2011年4月2日土曜日

東日本大震災でなかなか報じられない被害 - 地すべり

 原子力発電所と大津波被害は毎日報じられますが、私が長らく携わってきた斜面・渓流の災害についてはなかなか報じられません(渓流はあまりないようですが)。そんななか、今日のGoogleアラートで、今回の地震による斜面・地すべり、谷埋め盛土の被害についての報告が届きました。

 独立行政法人土木研究所 平成23年(2011年)東北地方太平洋沖地震による地すべり・斜面崩壊調査(速報) http://www.pwri.go.jp/team/landslide/topics/tohokujishin2011-1/h23.3.31.pdf

 これをみる限りでは、2004年新潟県中越地震や2008年岩手・宮城県内陸地震で起こったような地形発達史を劇的に変えるような大規模な地すべりは発生していないようです。

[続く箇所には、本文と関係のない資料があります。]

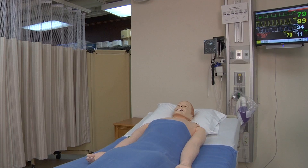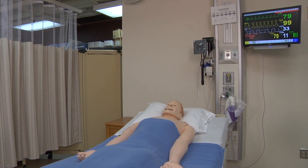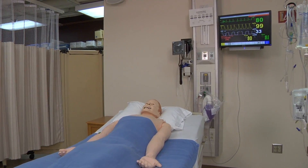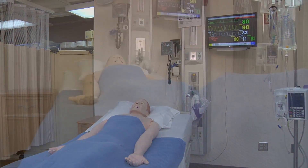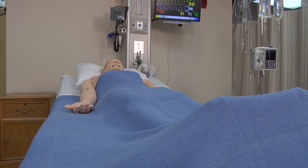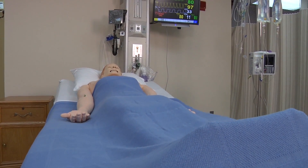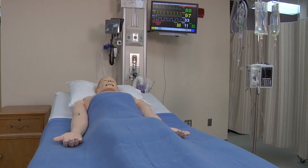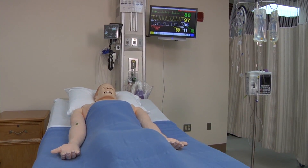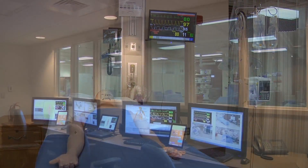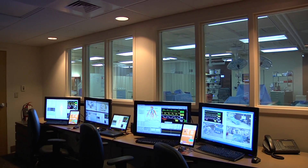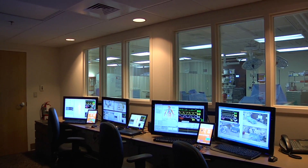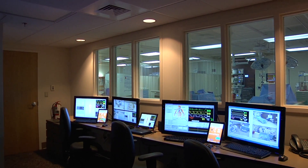SimMan 3G is a full-body mannequin patient simulator at the University of Tennessee Medical Center and the UT Graduate School of Medicine. The simulator can be controlled by an operator in the control room or programmed to a full scenario without operator intervention.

やはり奥羽山脈の地すべり地形を形成したのは、直下型地震なんだろうと考えます

 京都大学防災研究所 斜面災害研究センター 仙台市における宅地谷埋め盛土の地すべり
 http://landslide.dpri.kyoto-u.ac.jp/landslides-in-Sendai.pdf

 前者の地すべり地形は、地震や豪雨、融雪をきっかけとして発生した地すべりが、何万年と繰り返されてきた結果です。それは、豊かな生態系・地下水をもたらしました。しかし、後者の方は、本来繰り返されてはならない”URBAN LANDSLIDE”です。特に注目すべきは緑ヶ丘地区でしょう。引用しますと、

 太白区緑が丘では、緑が丘3 丁目と4 丁目で顕著な谷埋め盛土の地すべりが発生した。変動した範囲は広く、約150 棟の住宅が巻き込まれた。この地区は1978 年宮城県沖地震の際にも同様の地すべりが発生し、対策工事が実施されていた。3 丁目地すべりの北部ブロックでは、鋼管杭列の前面で圧縮、背面で引張の変位が認められる。杭は5 列設置されていたので、複数個の浅い小規模なブロックが連続する移動形態となっている。この事と地上に現れた杭頭の変位から推定して、鋼管杭は一定の効果を発揮したが、地表変位を完全に抑止出来なかったことが、広範囲の住宅被害に繋がったと考えられる。
 4 丁目地すべりでは、谷壁に貼り付けられた薄い盛土が変動した。地表変位は3 丁目地すべりに比べて大きい。1978 年宮城県沖地震の際にも同様の地すべりが発生し、地下水を排除するため集水井が施工されたとされる(現地では未確認)。

 とされています。注目度は低いですが、ボディーブローのように効いてくるタイプの災害です。そして、津波と比べると場所を特定しやすくハード面での対策もしやすいと思います。首都圏にも谷埋め盛土は無限にあります。喫緊の課題のひとつです。